方進去之時,她曾取過燭臺,甚至與沈應還靠燭臺辨別,若要說破綻,當是此處,該死,陸遐懊惱得很,當初她怎麼就沒想到。
“小老鼠藏得很好…可惜忘了把留下的足跡擦乾淨。”
“你為何殺同族之人,屹越人不是向來團結一致、同仇敵愾?”
“都自顧不暇,就別想著試探了。”
語氣太過淡然,太過無謂,提起屹越,氣息也穩,看來光靠尋常手段探不清虛實,陸遐昂首,沒有半點被看破的惱怒,換了個話題繼續道,“你的巢穴被人掀了,還如此冷靜,看來狡兔有三窟啊…”
那人一聲輕笑,長指貼著纖細的頸側來回輕撫,極喜愛跳動的脈搏,也不怕她知道,“既然知道狡兔有三窟,何必白費力氣拖延時間,這兒…跳動得那麼鮮活…一刀下去…噴湧而出,那光景多美!你見過人血噴湧而出麼?”
這個瘋子!陸遐不退不避,迎著眼前黑暗大膽啟唇,“不,你不會。”
“為何?”臉上蒙著黑布的姑娘,披散著一肩豐軟的青絲,就算鐵鏈吊縛在半空,一身如同待宰的羔羊,雪玉似的臉上也是端凝,端靜不可侵犯似的。

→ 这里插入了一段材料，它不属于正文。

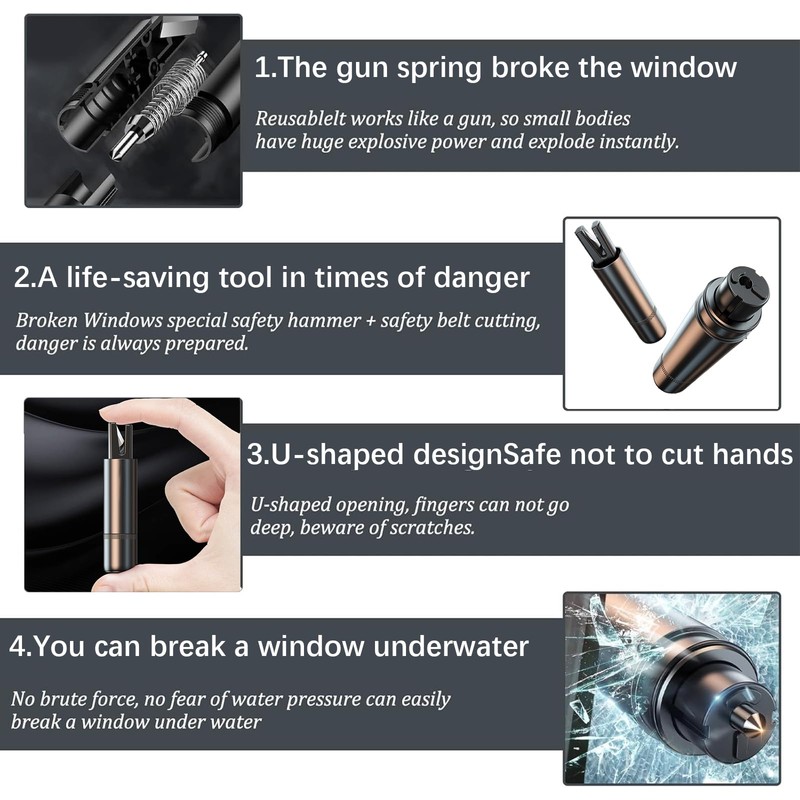 Katyjun 2 Stück Kompakter Tragbarer Nothammer Auto Essentials, Notfallhammer Auto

讓人看著胃裡焦灼生餓,迫切地想嘗一口血的滋味,是否如她的氣息一般靜甜柔軟。
“他們…那些發覺真相的人…很快就求饒了…是嗎?”陸遐潤了潤乾燥的唇舌,大膽猜測,“…所以你才會挑了一個又一個…你不會輕易殺了我的…”
暗道裡女子固然發覺真相被殺害,可足足有十幾具,數量多得不尋常,彷彿背後之人沒想隱瞞自身存在,陸遐聽連旗所言,只覺得太過蹊蹺。
“你是故意引人發覺…想看姑娘在你手下求饒…掙扎…嚥氣…折磨她們…這樣讓你很滿足?”
思來想去,陸遐揣摩兇手背後意圖,幾番下來還是覺得這個理由更合理。
“你真是讓我刮目相看。”嗓音揉了笑意,聽得話音裡的愉悅,看來猜對了,陸遐徐徐吐氣,“我沒求饒的事,應該讓你很意外吧。”
好像有黏膩的溫熱觸上鎖骨,陌生的知覺刺得背嵴泛涼,陸遐話音驟窒,“你”
這人在做什麼?!
溫熱的鼻息撒在頸側,在豐軟髮間流連深嗅,滿意地看見姑娘凝定神色出現了一絲裂痕復又隱去,“我承認,你沒求饒的確讓我很意外,不過”
露齒在鎖骨處留下深深牙印,伸舌舔去冒出的血珠,滋味果然同他想象中一般好,那人咂舌一再品味,“那又如何?對付女子的手段多了去了,我一樣樣在你身上試,總有一樣能讓你求饒。”
“做夢!”作勢要踢他,鐵鏈吃重,陸遐只能徒勞地來回輕晃。
倔強的姑娘,唇鼻秀氣,纖細又柔軟的身子,端凝自持的神色,不是不誘人的,她越是倔強,越發勾起人馴服的慾望,若能讓她淚流滿面,軟語跪地求饒,柔唇開合吐出他想聽的話,定然十分美妙。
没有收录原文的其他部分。